Na Suécia por exemplo, o castor foi reintroduzido no século passado e foram criados programas de compensação financeira a agricultores e proprietários florestais afetados por inundações provocadas por represas. Já na Alemanha, surgiram os Beaver Managers que conseguem mediar conflitos entre castores e atividades humanas, instalando dispositivos de controlo de níveis de água (ex. tubos nos diques para regular a altura da água sem destruir as barragens) e promovendo soluções de engenharia natural como barreiras protetoras junto a campos agrícolas e árvores valiosas, sendo práticas também adoptadas na Suíça. Até na França já vêm sendo realizadas várias campanhas de educação e sensibilização ambiental para a importância do castor, tendo-se produzido diverssos guias ilustrados sobre os benefícios dos castores e métodos para lidar com potenciais problemas.

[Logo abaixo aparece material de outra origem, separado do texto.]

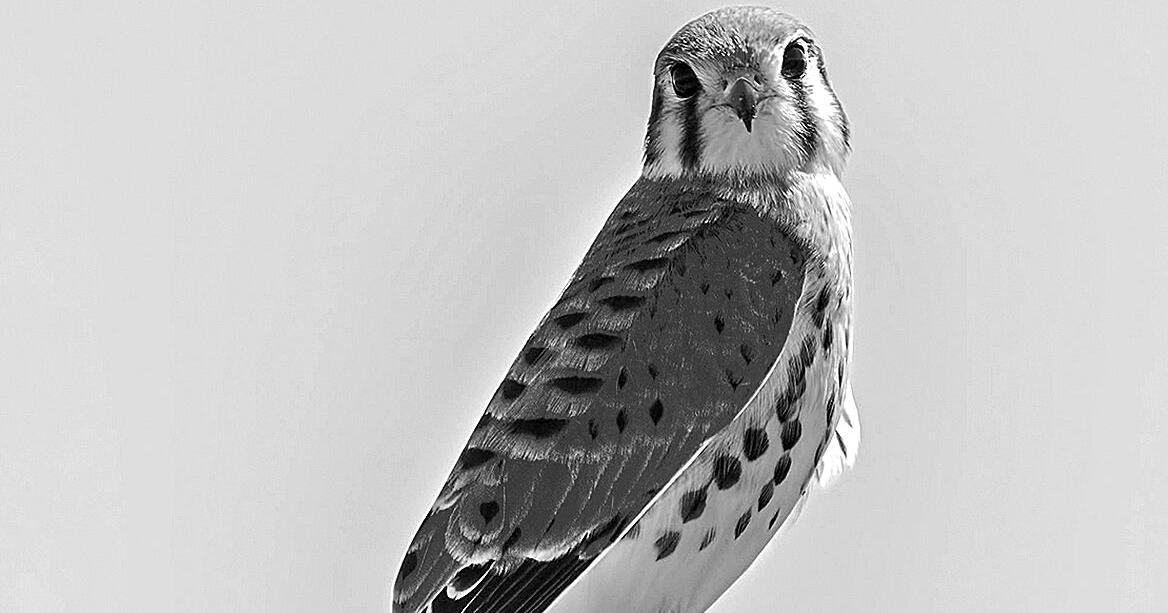 Watch for American kestrels in open areas, on roadside | Op Ed Watch for American kestrels in open areas, on roadside | Op Ed
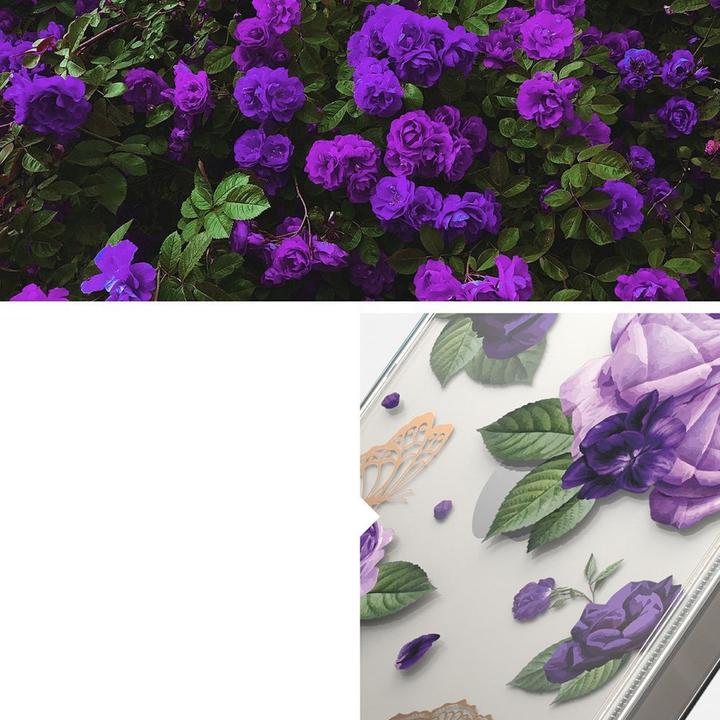 Actual product image Ringke Fusion Design Armored Case Cover with Gel Frame for iPhone 14 Plus transparent (Purple rose) (Apple iPhone 14 Plus)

Por esse mesmo motivo, a Rewilding Portugal sabendo desta aproximação ao território nacional, decidiu tornar pública essa descoberta e informou atempadamente e em detalhe as entidades competentes, pedindo preparação para esta chegada e um plano para antecipar possíveis conflitos com comunidades locais, agindo de forma preventiva e não reativa e criando desde logo condições para um regresso da espécie realizado de forma preparada e assente em coexistência positiva. Até à data, esse pedido acabou por não surtir qualquer efeito, não tendo sido realizado qualquer esforço oficial nesse sentido. A monitorização continuou, o castor está oficialmente de regresso, e ainda vamos a tempo de apoiar o seu regresso de forma planeada e em harmonia com o que já existe. A Rewilding Portugal mostra-se novamente aberta a participar nesse processo.
Por esse mesmo motivo, o segundo congresso dedicado ao rewilding, que vai acontecer em outubro/novembro, na zona do Douro, terá uma grande parte dedicada ao regresso do castor e ao seu planeamento e coexistência preventiva. Procuramos liderar esta discussão de forma responsável, atempada e focada no diálogo construtivo e a antecipar potenciais problemas e desafios.
A chegada do castor a Portugal é um marco histórico e simbólico para a conservação da natureza no nosso país. Num contexto de crise climática e colapso da biodiversidade, é um sinal de esperança e de resiliência da vida selvagem. Mas é também um convite à ação: para proteger os habitats ribeirinhos, restaurar corredores ecológicos, e apoiar o regresso das espécies que fazem falta aos nossos ecossistemas.
Portugal tem agora uma oportunidade única de escrever um novo capítulo na sua relação com a natureza. O castor já cumpriu a sua parte e chegou ao nosso território. Cabe-nos a nós continuar.